Isaac Kramnick is the Richard J. Schwartz Professor of Government Emeritus at Cornell where he has taught since 1972. Prior to Cornell, Kramnick taught at Harvard, Brandeis and Yale universities. He is from rural Massachusetts and was educated at Harvard and Cambridge universities.

Professor Kramnick has taught and written principally in the area of English and American political thought and history. He has written or edited 20 books, including Bolingbroke and His Circle: The Politics of Nostalgia in the Age of Walpole, which won the Conference of British Studies Prize for best book on British politics. His books also include studies of Edmund Burke, a biography of the English socialist Harold Laski, an edition of the Federalist Papers and the recent Godless Constitution: A Moral Defense of the Secular State which he co-authored with R. Laurence Moore of Cornell’s Department of History.

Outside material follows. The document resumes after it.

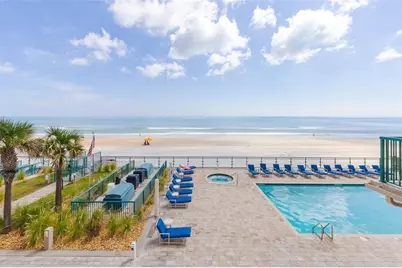 3315 S Atlantic Avenue #205, Daytona Beach Shores, FL 32118 - Photo 18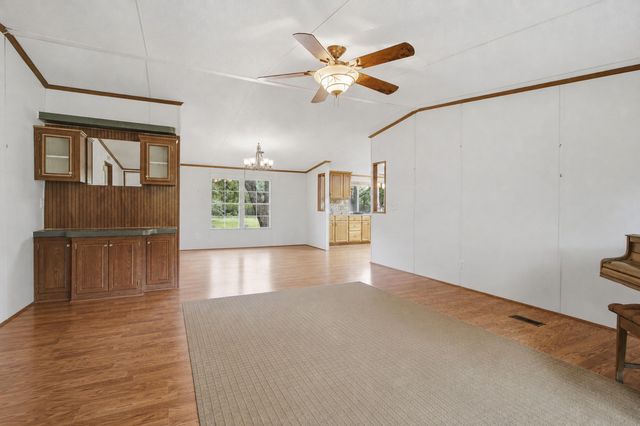 1654 Boyd N Hayes Road, Johns Island, SC 29455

He has been the recipient of a number of awards, fellowships and honors. He is a fellow of Britain’s Royal Historical Society and served in 1989 as president of the American Society for Eighteenth Century Studies. In 1998 he was elected a fellow of the American Academy of Arts and Sciences. At Cornell, Kramnick has received the Clark Award for distinguished teaching, the Steven Weiss Prize for teaching, and in 1996 he was chosen through student ballots to be the Cornell Daily Sun’s “favorite professor of the year.”

Professor Kramnick was vice provost for undergraduate education at Cornell from 2001 to 2005. He served his colleagues at Cornell as chair of the Department of Government from 1981 to 1985 and again from 1996 to 2001. He was associate dean of the College of Arts and Sciences from 1986 to 1989 and faculty-elected trustee from 1990-1994.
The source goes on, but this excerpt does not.